Finnish goalie Kari Lehtonen of the Dallas Stars has played well enough to secure Rinne's spot on the Olympic team with a 2.49 GAA and .919 save percentage. Tuukka Rask of the Boston Bruins and Antti Niemi of the San Jose Sharks are competing to be Finland's No. 1.
It will be interesting to see how these injuries and the subsequent strong play by the new contenders affects the Olympic rosters. As for the candidates to fill some open slots at other positions for their respective countries, here is this week's Olympic Stock Report of five players on the rise and five who are falling:
Hertl leads all rookies with 15 goals and 24 points. He's benefitted from playing regularly with Joe Thornton, but the 20-year-old is a highlight waiting to happen. He had a hot start, slowed a bit, but has picked up his pace lately and has played with some consistency. Hertl is valuable to the Czechs because he can play center or left wing.
SOG: 86 | +/-: 5
Oshie is the exact type of depth forward the Americans need to bring to Sochi. He's fast, physical and gritty. He can get in on the forecheck, create havoc, and develop offensive chances off of it. He's usually the one creating for someone else. Oshie has 15 points in his past 14 games and is second behind Patrick Kane among American forwards with 23 assists. He's also 3-for-4 in shootouts.
Forget about the bubble because Sharp should be a lock for Canada. He has 33 points, tied for sixth among Canadians. He recently had a three-game stretch in which he scored four goals and eight points. Sharp's versatility makes him one of the more valuable forwards Canada has at its disposal. He can play any position, though he seems to be at his best when he's playing left wing.

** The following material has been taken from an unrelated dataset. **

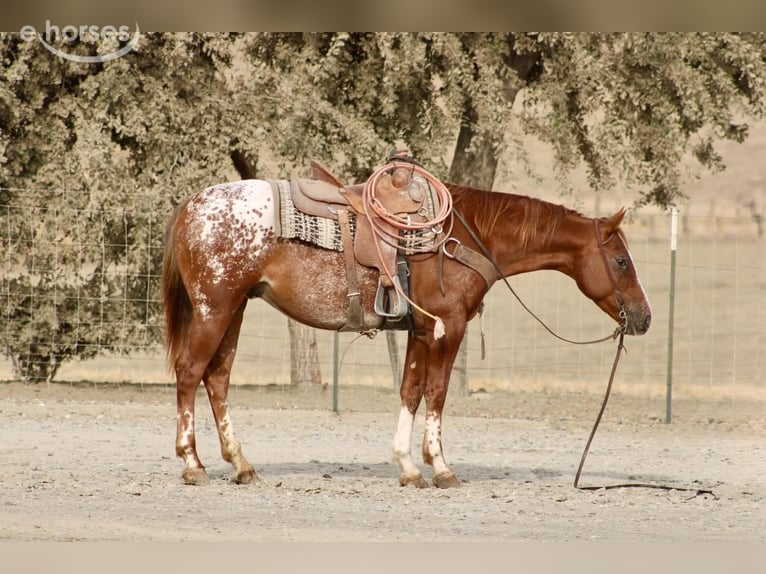 Appaloosa Hongre 9 Ans Alezan cuivré in Tres Pinos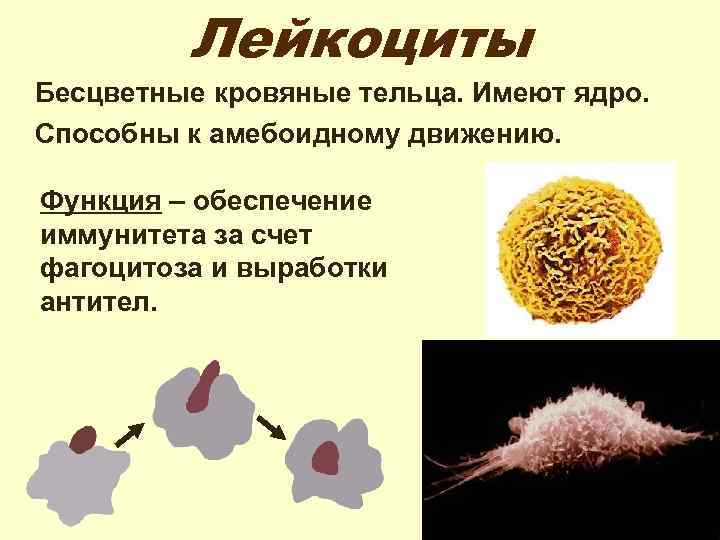 Лейкоциты Бесцветные кровяные тельца. Имеют ядро. Способны к амебоидному движению. Функция – обеспечение иммунитета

His size and speed would benefit the Americans on the larger ice. Wheeler is still a bubble guy because of the country's depth at right wing, led by Kane, Phil Kessel, Bobby Ryan, Ryan Callahan and Oshie. However, Wheeler has at least three inches on those guys -- he's 6-foot-5 -- and he has been playing well lately with back-to-back two-goal games and eight points past six games. He could make it as the 13th or 14th forward.
Spezza felt slighted that he wasn't invited to Canada's orientation camp in August. He was determined to show Canada's decision-makers that they made a mistake. He figured he didn't get the invite because he missed most of last season with a back injury. Spezza, though, hasn't done enough this season to move himself into contention for the Olympic team. He has been particularly cold with no goals in his past 10 games and just three in the past 25 games.
SOG: 46 | +/-: -10
Staal's stock was falling long before he sustained a concussion Dec. 7 against the Devils. Now his hopes of making the Olympic team are all but gone. Staal was struggling like the rest of the Rangers' defense corps before his injury, but now he's out indefinitely with the second documented concussion of his career. He was struggling to find some consistency in his game before the injury.
Byfuglien has to be giving David Poile and the staff at USA Hockey fits as they evaluate him. They know the type of dangerous offensive defenseman he can be, but he's too inconsistent in his play away from the puck and his lack of speed could be a liability on the bigger ice surface. He could make it as a specialty guy because of his shot on the power play, but Byfuglien has been quiet of late with no goals in the past 10 games.
Stastny isn't doing enough to force Poile's hand into taking him to Sochi as the Americans' fifth center behind David Backes, Ryan Kesler, Joe Pavelski and Derek Stepan. He's been held off the scoresheet for nine straight games and is a minus-7 in that span. Entering play Sunday he was tied for 21st among American forwards with 17 points.